Antes da partida, pensava que teria muito tempo para refletir sobre as grandes questões da vida. Na realidade, encontrou algo muito mais simples: conversas, trabalho em equipe e até tentativas de lembrar letras de músicas.
“Isso me ensinou como a vida pode ser simples, e espero levar um pouco disso comigo.”
Sangue, suor, lágrimas e sal
Heidi Brown, 47 anos, contadora norte-americana e circunavegadora a bordo da Team Scotland, descreve a chegada ao final da volta ao mundo como uma conquista coletiva.
“O que conquistamos ao redor do mundo é uma conquista e todos devemos nos orgulhar uns dos outros.”
A bordo, os participantes dividem experiências que dificilmente podem ser reproduzidas em terra.
“Sangue, suor e lágrimas compartilhados, misturados com sal e histórias pelo caminho.”
São momentos de trabalho conjunto, tempestades, frio, medo e superação.
Mas, depois de tudo isso, surge uma nova pergunta:
O que vem depois?
Um aniversário diferente
Bob Brown, 60 anos, circunavegador da Team London Business School, decidiu trocar sua rotina profissional e partir para o mar em busca de algo especial para marcar um grande aniversário.
A motivação era simples:
“Eu não participei da Clipper Race por outro motivo além de me tornar um circunavegador.
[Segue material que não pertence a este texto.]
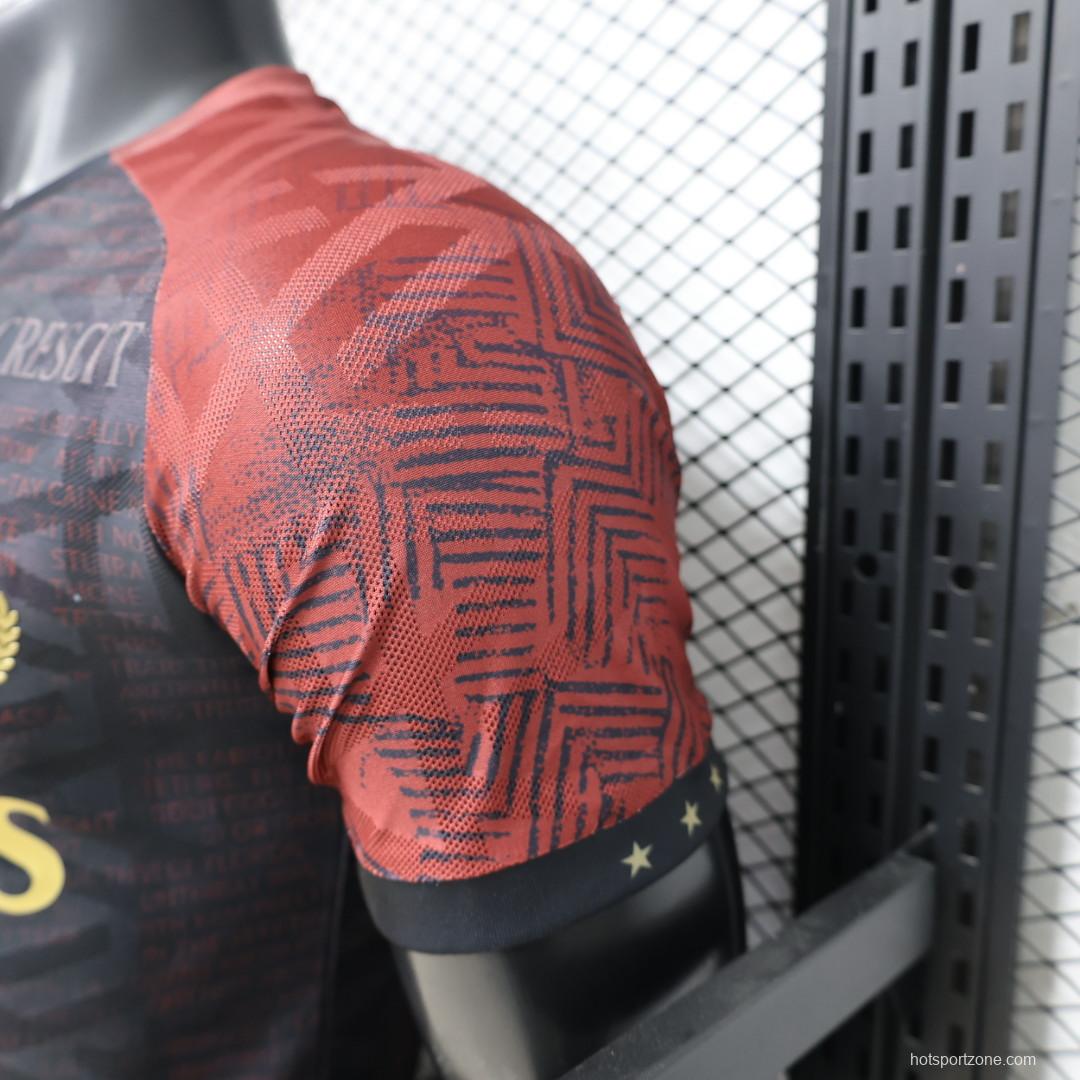 Player Version 2026 Arsenal Special Edition Jersey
Eu queria algo especial, algo que eu levasse para o túmulo comigo.”
Trezentos dias no mar
O espanhol Augusto “Gus” Barcia, 58 anos, circunavegador da Galícia que completou um ano a bordo da Team UNICEF, conta que a dúvida também fez parte da jornada.
Durante os cerca de 300 dias de aventura, questionou sua decisão praticamente todos os dias.
“Você não pode esconder como reage e como reflete sobre as coisas que encontra.”
Mas, ao final, veio o orgulho pela conquista.
Gus fez aquilo que, antes da partida, jamais imaginaria ser capaz de fazer.
O começo mais difícil
A cineasta holandesa Maartje Van Huijstee, 32 anos, que circunavegou a bordo da Seattle Sports Team, também enfrentou momentos em que pensou em desistir.
“É surreal ter chegado tão longe, especialmente quando o começo foi tão difícil.”
Ela chegou a desejar que alguém lhe dissesse que era possível parar.
Mas continuou.
“Eu não sabia se conseguiria fazer isso por tanto tempo. Mas consegui aguentar e está incrível.”
O chamado do oceano
As histórias dos participantes da Clipper Race mostram que a vela oceânica não é exclusivamente um esporte para atletas profissionais.
É também uma experiência humana.
Pessoas de diferentes idades, profissões e países deixam temporariamente suas vidas em terra para enfrentar tempestades, ondas, frio, calor, privação de sono e milhares de milhas náuticas.
A bordo, aprendem a velejar, trabalhar em equipe, tomar decisões e conviver em condições extremas.
São pessoas comuns que decidiram fazer algo extraordinário.
E talvez essa seja uma das maiores mensagens da Clipper Race:
o oceano não pergunta quem você era antes de embarcar. Ele desafia você a descobrir quem pode se tornar depois de enfrentar o mar.
As inscrições para a próxima aventura da Clipper Race, com largada prevista para 2027, já estão abertas.